CS298 Proposal

Navigating Classic Atari Games using Deep Learning

Ayan Abhiranya Singh (ayanabhiranya.singh@sjsu.edu)

Advisor: Dr. Chris Pollett

Committee Members: Dr. Mark Stamp

Committee Members: Prof. Kevin Smith

Abstract:

Modern deep learning techniques such as convolutional neural networks have been utilized to play classic Atari games like Breakout and Space Invaders at a near superhuman level. The research over the course of this project involves experimenting with the performance of a model of our own (developed for Ms. PacMan) under various conditions of difficulty. In one case, we develop a framework to provide input to a deep Q-network in the form of video at a constant frame rate. The model is then enhanced and tested against input of varying frame rates instead of the constant frame rate input from our previous research. Finally, this enhanced deep learning model is used in transfer learning, where it is deployed on PacMan mazes that have not been encountered before. The results from the experiments are then collated and summarized, with the performance of this model compared to the previous models.

CS297 Results

1. Developed Q-learning implementation to learn dirt generation policy systems for Vacuum World.
2. Developed a neural network model to solve the vacuum world problem
3. Applied Q-learning knowledge to build a simple agent that can play Ms. PacMan
4. Implemented a Deep Q-Network (deep learning model that can play Ms.
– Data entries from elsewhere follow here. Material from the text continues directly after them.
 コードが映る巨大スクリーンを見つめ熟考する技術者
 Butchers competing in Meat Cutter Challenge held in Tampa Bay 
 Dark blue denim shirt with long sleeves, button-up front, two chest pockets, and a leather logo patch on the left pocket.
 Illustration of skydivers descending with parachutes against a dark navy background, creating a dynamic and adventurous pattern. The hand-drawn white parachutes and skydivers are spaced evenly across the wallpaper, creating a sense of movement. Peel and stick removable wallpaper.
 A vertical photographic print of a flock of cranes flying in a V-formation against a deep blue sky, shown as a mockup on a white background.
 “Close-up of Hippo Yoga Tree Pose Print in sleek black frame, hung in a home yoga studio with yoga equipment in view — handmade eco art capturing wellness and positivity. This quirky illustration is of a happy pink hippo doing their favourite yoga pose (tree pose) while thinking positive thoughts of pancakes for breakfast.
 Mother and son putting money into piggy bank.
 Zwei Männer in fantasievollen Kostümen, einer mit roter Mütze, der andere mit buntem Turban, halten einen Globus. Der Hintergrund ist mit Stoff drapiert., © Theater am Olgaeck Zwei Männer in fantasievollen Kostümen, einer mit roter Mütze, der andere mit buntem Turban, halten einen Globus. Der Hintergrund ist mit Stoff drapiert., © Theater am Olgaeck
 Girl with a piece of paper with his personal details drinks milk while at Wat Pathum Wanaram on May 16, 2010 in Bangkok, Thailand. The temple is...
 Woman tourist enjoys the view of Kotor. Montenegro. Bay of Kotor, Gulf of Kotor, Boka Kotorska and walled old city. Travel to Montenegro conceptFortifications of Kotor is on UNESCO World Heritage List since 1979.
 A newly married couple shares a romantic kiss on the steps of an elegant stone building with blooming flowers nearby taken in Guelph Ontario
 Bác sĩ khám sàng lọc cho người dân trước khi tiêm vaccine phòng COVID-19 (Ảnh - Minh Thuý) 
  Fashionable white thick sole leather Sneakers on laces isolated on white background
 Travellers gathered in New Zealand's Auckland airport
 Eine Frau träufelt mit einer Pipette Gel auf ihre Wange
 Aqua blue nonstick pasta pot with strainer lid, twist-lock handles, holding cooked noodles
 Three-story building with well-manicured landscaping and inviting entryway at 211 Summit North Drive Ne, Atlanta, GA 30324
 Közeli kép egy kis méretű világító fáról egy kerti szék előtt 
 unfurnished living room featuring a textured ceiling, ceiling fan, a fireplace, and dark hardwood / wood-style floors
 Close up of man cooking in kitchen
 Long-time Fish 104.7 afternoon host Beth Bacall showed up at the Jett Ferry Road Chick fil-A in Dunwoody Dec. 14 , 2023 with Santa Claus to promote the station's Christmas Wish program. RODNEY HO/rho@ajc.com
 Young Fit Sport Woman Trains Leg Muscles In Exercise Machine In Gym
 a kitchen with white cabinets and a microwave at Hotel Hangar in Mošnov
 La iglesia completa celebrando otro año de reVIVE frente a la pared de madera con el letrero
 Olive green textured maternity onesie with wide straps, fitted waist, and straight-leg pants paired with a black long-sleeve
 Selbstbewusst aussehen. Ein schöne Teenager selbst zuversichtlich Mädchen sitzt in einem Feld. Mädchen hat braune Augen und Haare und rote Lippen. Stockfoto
PacMan)

Proposed Schedule

Week 1: January 31 - February 7	Finalize project proposal and find relevant research material
Week 2: February 7 - February 14	Research and discuss scope for Del-1
Week 3 - Week 4: February 14 - February 28	Discuss progress on Del-1 and parameters that have been tweaked within existing deep-Q network
Week 5: February 28 - March 7	Read [4] and demonstrate effects of parameter modification on existing q-network
Week 6: March 7 - March 14	[Del-1] Modified deep Q-network implementation with variable frame rate input capability
Week 7: March 14 - March 21	Discuss Del-2 and expectations for model performance on varying frame rates
Week 8 - Week 9: March 21 - April 4	[Del-2] Modified deep Q-network implementation that is able to learn and react to inconsistent frame-rate input
Week 10: April 4 - April 11	Research [3] and discuss scope for Del-3
Week 11: April 11 - April 18	Experiment with different forms of transfer learning utilizing the existing model and present results.
Week 12: April 18 - April 25	[Del-3] Transfer learning
Week 13: April 25 - May 2	Work on CS 298 Report and begin preparation for Master's defense
Week 14: May 2 - May 9	Review and revise 298 report and continue preparation for Master's defense
Week 15: May 9 - May 16	[Del-4] CS 298 Report and Master's defense

Key Deliverables:

Software
- 1. Modify existing deep Q-network to provide input at different frame rates instead of the constant frame rate input from the CS 297 deliverable.
- 2. Modify existing deep Q-network to learn and perform an efficient action on input at irregular frame rates.
- 3. Transfer learning to deploy our deep-Q model on different Ms. PacMan mazes.
Report
- 4. CS 298 Report
- 5. CS 298 Presentation

Innovations and Challenges

A major challenge in this project is experimenting with constant video input to a deep Q-agent to observe how its in-game performance is affected in real time. Papers researched as part of CS 297 (the work of the team at DeepMind on classic Atari games, in particular) have not discussed this topic and have restricted model demonstrations to a simple cycle of single-frame input and single-frame output. Essentially, the parameters that need to be tweaked to make this work are unknown.
There is an additional technical challenge of actually recording gameplay as video and providing this as input to the deep learning model.
There is a lack of comprehensive research where this kind of deep learning model has been deployed through transfer learning on different Ms. PacMan mazes. This would provide an interesting sandbox to observe the performance of the model on unknown mazes.

References:

[1] S. Russell and A. Norvig, "Part V, Machine Learning, Chapter 22 Reinforcement Learning," in Artificial Intelligence: A Modern Approach, 2021, pp. 789-821.

[2] V. Mnih et al., "Playing Atari with Deep Reinforcement Learning," arXiv [cs.LG], Dec. 19, 2013. [Online]. Available: http://arxiv.org/abs/1312.5602

[3] S. Gamrian and Y. Goldberg, "Transfer Learning for Related Reinforcement Learning Tasks via Image-to-Image Translation," in Proceedings of the 36th International Conference on Machine Learning, 09--15 Jun 2019, vol. 97, pp. 2063-2072.

[4] A. Braylan, M. Hollenbeck, E. Meyerson, and R. Miikkulainen, "Frame skip is a powerful parameter for learning to play Atari." https://nn.cs.utexas.edu/downloads/papers/braylan.aaai15.pdf (accessed Feb. 01, 2023).